From a sonic perspective, much of Wake Up the Coma exists in the same continuum as last proper LP Echogenetic and its remix companion Echoes, taking modern EDM production techniques with an emphasis on glitchy bass music tropes, and marrying them to classic FLA electro-industrial song structures. It’s a formula that has worked well in the past, but falls somewhat flat here; despite a high standard of sound design and uniformly excellent production, there just aren’t that many songs to latch onto as a listener. Numbers like “Tilt” and “Hatevol” feel like Front Line in terms of arrangement and ambition, but aren’t especially memorable in and of themselves, and quickly fade from memory even after multiple listens. Others have good components – “Arbeit” finds an interesting intersection of syncopated rhythm and orchestral flourish, “Mesmerized” has a killer bassline – but lack for hooks. There are some defensible moments, like “Eye on You” which features DAF’s Robert Görl and “Living a Lie” (despite having lyrics on the chorus so silly they made one of our reviewers burst into laughter), both of which ride hard grooves with snappy drums, but they’re the exception rather than the rule.
Worryingly, the album is also plagued with ideas and collaborations that come off as half-baked in the context of an actual LP. The title track features Paradise Lost’s Nick Holmes doing a melodic turn on vocals, but his cadence and delivery don’t sit well in the track’s thick wash of synth blips and pads. Chris Connelly gamely makes a go of “Spitting Wind” in his Bowie delivery, but the track lacks concentration and definition, with sections bleeding into each other without resolving. Worst of all, the cover of Falco’s “Amadeus” is as rote an imitation of the original as possible, with nary a hint of FLAvour, classic or modern. Jimmy Urine’s spot-on Falco imitation would likely be a smash at karaoke night, but with the instrumentation sounding so broad and indistinct, there’s little to distinguish it from the classic version. Say what you will about the very Delerium-esque FLA cover of Madge’s “Justify My Love”, but at least it did something new and distinct with the source material. “Amadeus” commits the worst crime a cover can: not of mutating a song beyond recognition, but of cleaving so close to the original that it seems utterly redundant. FLA have gambled on working outside of their comfort zone plenty of times, but the payoff has never sounded so bereft of individual personality.
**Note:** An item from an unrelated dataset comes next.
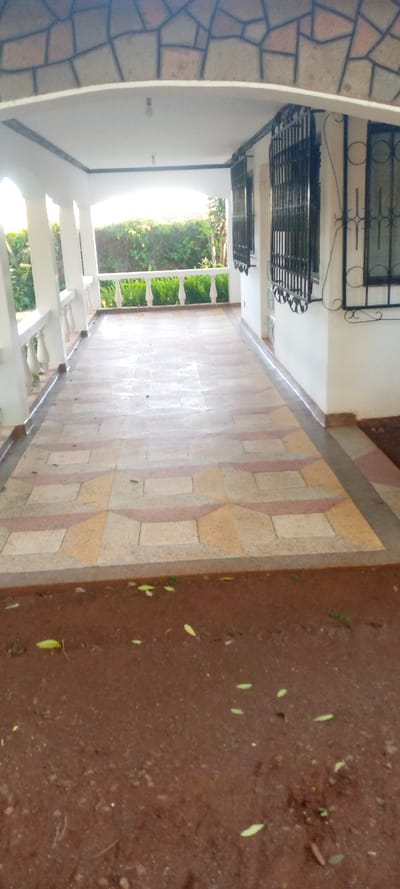 A covered porch extends along the side of a house. The porch floor has tan, cream, and mauve geometric tiles. White pillars support the roof. Wrought iron covers the windows. Beyond the porch, a clipped green hedge is visible. The ground below the porch is bare soil with scattered small green leaves. The overhead roof of the porch is white.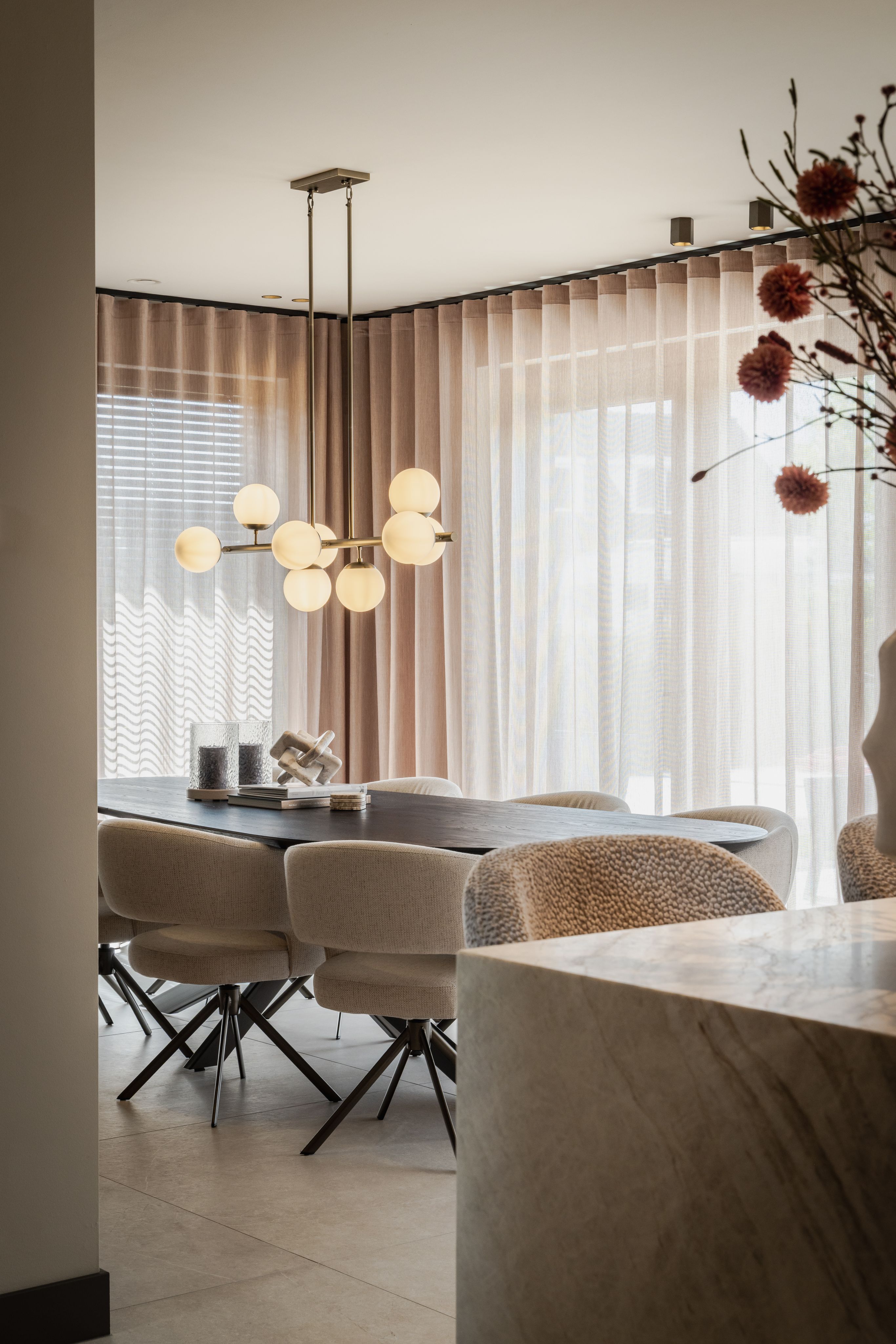 Eetkamer met donkere eettafel, lichte stoelen en natuurstenen kookeiland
Not quite a return to form, not exactly the breaking of new ground (with the regrettable exception of “Amadeus”, we suppose), Wake Up The Coma is a middling effort from a long-standing band who’ve proven they’re still capable of much more. Comprised of different ideas and approaches that don’t cohere as an album, its few high points simply don’t make up for a lack of creative focus. There’s no reason to think that this new incarnation of the band can’t either recapture former glories or continue to find new and fertile terrain, but for the time being, Wake Up The Coma has stymied both of those ambitions.
lol @ this review
Maybe the reviewer’s problem is that they are trying to define FLA, which is silly, because in so many ways FLA has explored, experimented, fearlessly I might add – and then helped to define the boundaries of our industrial sonic landscape. I always find reviews like this laughable, it is low effort and the criticisms aimed at FLA might be better directed towards the resurgence of industrial music and the copy paste counterfeits out there.
tl,dr – This review is low effort.
You might disagree with our conclusions, but trust me: we don’t take FLA lightly and because of that, we expect better of them because we know they’re (still) capable of it. If you have specific defenses to make regarding “Wake Up The Coma”, feel free to make ’em.